Figure 6: Sample Slide from Erin Hedlund-Botti’s Proposal. Notice that all axes are labeled, and all the important information is highlighted. Moreover, the bottom of the slide touches on tip #4. Note that the use of titles in figures is a arguable point, but it is important to include a title or other distinguishing feature when you have multiple figures on a single slide.

9) Have takeaways or “bumpers” on your slides

Clearly show what the scientific novelties/engineering advances of your work are and why it is worth doing what you are doing. This is the part where salesmanship comes in. Answer the following questions:

What is the Scientific Impact/Advancement?
Where does it stand with respect to prior literature and how is it novel?

Figure 7: Sample Slide from Erin Hedlund-Botti’s Proposal. The student has Key Takeaways for each of the aims presented in the Proposal. This also acts as a recap and preparation for the next topic that will be introduced.

10) Have a Timeline and a List of Planned Publications

A Proposal is a plan for the future that your Committee can look into and suggest changes going forward to the final stretch of the Thesis. As such, a timeline in the form of a Gantt Chart, along with a list of Planned Publications would provide a greater insight on what the Proposed work will be and how it will be done.

The planned work acts as a preview of what the Committee can expect from the Thesis Defense and when it will take place. It also allows them to assess both the quality and feasibility of the proposed work.

Figure 8: Sample Slide from Erin Hedlund-Botti’s Proposal showing the timeline through the published works.

After The Proposal Presentation (The Q&A Session)

11) First things first…

Repeat the question back for the sake of the audience.
- It allows the audience to pay attention to the question being answered if they have not heard it at first.
- It gives you time to think over an answer.
- It allows you to get a confirmation that you understood the question. It also allows them a chance to interrupt and clarify the question.
If there is jargon in the question asked…
- If you are unfamiliar with a jargon, ask them to explain it, especially if it is within their specific area of expertise.
- If you do know what the jargon means (or if it has multiple definitions and one is best for your purposes), define it from your perspective (ideally backed up by literature that you can reference).
- Discuss the scope of your research with respect to the field in question. How does it fit in with other research? What specifically is being tested and what is not being tested, and for what reason.
Thank a question-asker for “good” questions (not “bad” questions).
- First, note that “good” and “bad” are commonly used adjectives but are judgmental, unhelpful, and best to avoid. A better way of describing these types of questions would be to differentiate between 1) questions for which there is not an established answer and would require an expert to deeply think about the answer and possibly conduct experiments or analysis versus 2) questions with a well-established answer. It is best never to say a question is actually good or bad.
- With that established, a common practice is for an answerer (e.g., the PhD Thesis Proposer) to say, “That’s a good question,” before answering each question. The challenge here is that experts in the field hearing the proposer label a question as “good” when the question has a well-established answer can make the proposer appear either ignorant or patronizing.
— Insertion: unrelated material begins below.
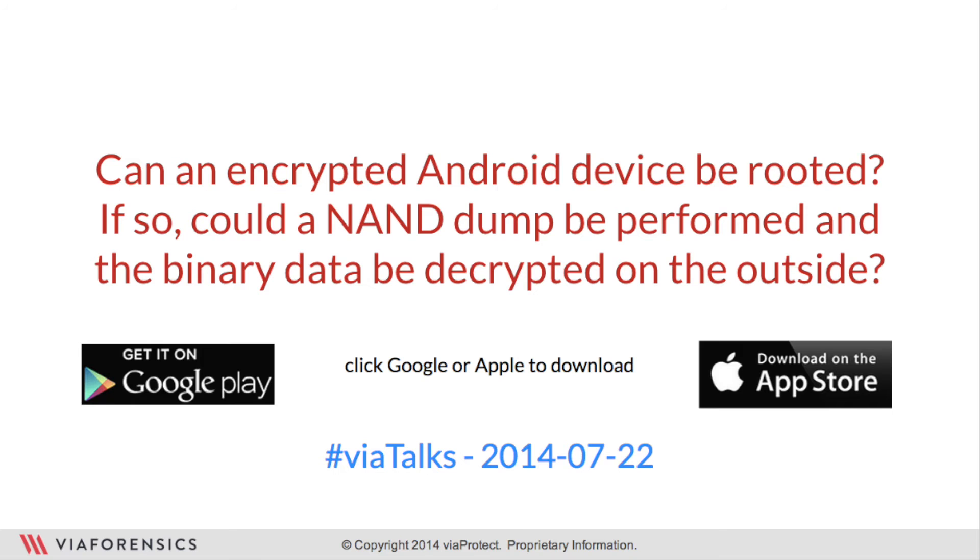Can an encrypted Android device be rooted? Absolutely. Think about the encrypted file system as simply a way to secure your data at rest, but for the operating system to boot up and do its thing, it's running unencrypted in memory. Essentially, most of those exploits are taking advantage of the operating system itself. So you'll be up and running in a normal way — you'll definitely be able to get root in the same way.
12) When someone asks you a question and you don’t know the answer…

In the case you get asked a question to which you do not know the answer, say that you do not know the answer. A part of being a scientist is to admit one’s ignorance and work to address it. Not everyone is aware of everything. Acknowledging a lack of familiarity with a topic or a research is acceptable and shows a scientific mindset.

When relevant, use phrases such as:
- “I am unfamiliar with that work, but I will be glad to look into it after the proposal.”
- “I am not sure, but I would hypothesize/speculate that the outcome would be…”
- “I have not heard that term before. Could you please define it for me?”
- “I do not have an answer to that, but here is how I would go about conducting an experiment to find out the answer: …”
DO NOT pretend to know something you do not know. It is easy for an expert to tell your familiarity with a topic with the right questions.
After proposing, look up the information the Committee presented. By following up any mistake or discussion point, you show your diligence and reassures the Committee that you are willing to compensate for your lack of knowledge.
Follow up, either in a later meeting or through email, after doing the research related to the information you are unfamiliar with. Show that you are willing to learn and improve.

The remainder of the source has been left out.